Almost every little village in England has a very visible memorial to those killed in war.

When I went over to look for lost relatives, I was frequently greeted by heartfelt comments about small kindnesses "the Yanks" had done for them or their families during The War.

When lives are not lived in a flurry of acquisition of meaningless garbage, such impressions retain primacy and remain crystal clear. We live in a society which reveres upgrades and disposability. It is not made for contemplation of deeper meanings.

But this is the truth: "That those empty eyes zipped inside a bag or covered by a bloody blanket were the windows to an entire universe, once."

Big Daddy said...

Based on Illiad's annual piece http://www.userfriendly.org/static/ (or find the Nov 11 cartoons) the Canadians take it pretty seriously as well. Of course, they were heavily involved in the Great War, as Vimy Ridge and the Newfoundland Cemetery can attest.
It also goes some way to explaining Commonwealth War Graves Commission cemetery designs and why after almost a hundred years the commonwealth nations still take this very seriously while we seem to mark the occasion with sales at department stores. Perhaps if it was still called Armistice Day and veterans were honored on another day we might take it more seriously.

FDChief said...

BD: I think we expend all our patriotic and veteran-loving rounds on Memorial Day, hence the short-shrift that 11/11 gets.

FDChief said...

Lisa: I think one of the big differences between western Europeans and Americans is that we are fundamentally optimistic - we believe that if we just do good and believe that we'll get the Happy Ending. They've done good and believed and gotten the horror, instead.

Our optimism is part of what makes us so strong as a people and a nation, but it also stops us from seeing the dark and frightening parts of life, too. So we often don't learn the lessons we should from the horrors.

Ael said...

I think that late Fall is a better time of the year for Remembrance Day.
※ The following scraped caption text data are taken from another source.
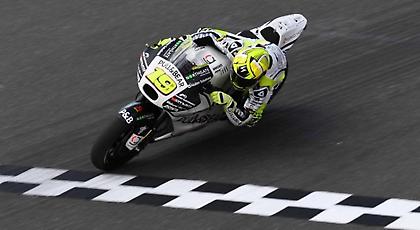 Ανανέωσε ο Μπαουτίστα με την Aspar Ducati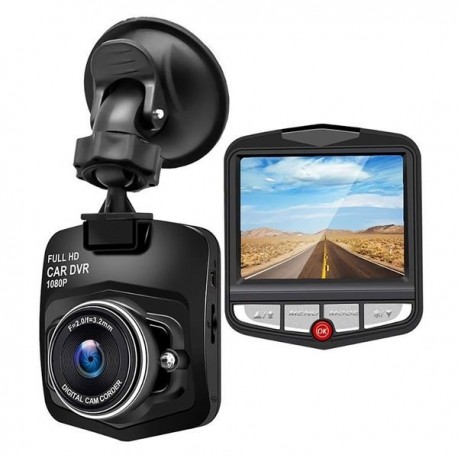 Dashcam 1080P à écran 2,4 pouces avec moniteur de stationnement 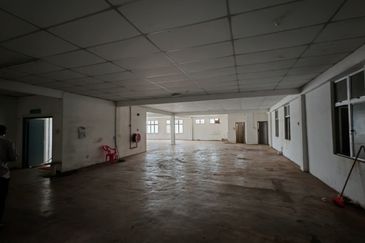 Meru Industrial Park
Standing motionless in freezing weather while frail old men and women lay wreaths at the memorial gives one a hint of sacrifice.

It is even better to be a gun number and have to stand still beside 2 and a half tons of bitterly cold steel as it sucks even the memory of warmth from you.

And then, after the ceremony, hot rum toddies at the Legion (veterans club) and listening to the veterans tell their stories.

No, it would not be the same at all to do it in the Spring, with bright sunshine, birds and flowers.

Lisa said...

FDC,

Barbara Ehrenreich's "Bright-sided" discusses this optimistic imperative. It seems to sell big in the U.S., this Norman Vincent Peale Power of Positive Thinking. And there is nothing wrong with hoping and working for the best, but without a realistic assessment of what can be and what has been, the constant "happy warrior" ethos is thin gruel.

Happy Veterans Day is such an odd wish.